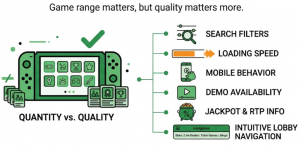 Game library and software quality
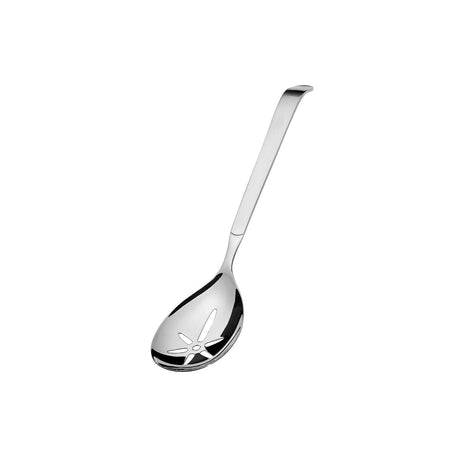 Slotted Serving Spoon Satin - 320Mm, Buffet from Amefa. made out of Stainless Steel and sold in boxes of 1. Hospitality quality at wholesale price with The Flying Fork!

...

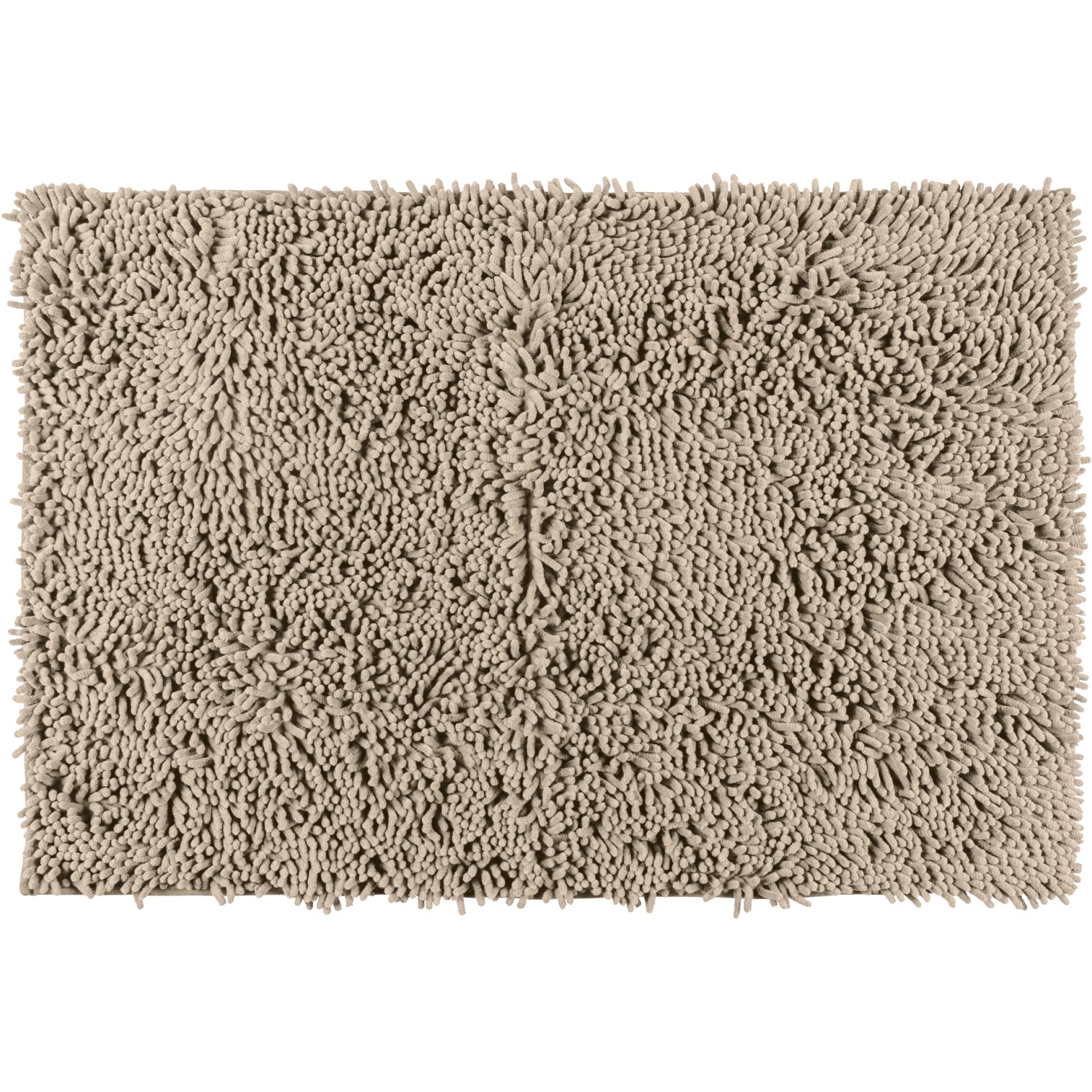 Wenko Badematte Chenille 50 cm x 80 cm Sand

**PROBLEM REQUIREMENTS:** Print nothing except the lines above from the one containing "Game library and software quality" down to the one containing "Slotted Serving Spoon", both included, exactly as written and free of pictures.

**ANSWER BELOW:**
 Game library and software quality
 Slotted Serving Spoon Satin - 320Mm, Buffet from Amefa. made out of Stainless Steel and sold in boxes of 1. Hospitality quality at wholesale price with The Flying Fork!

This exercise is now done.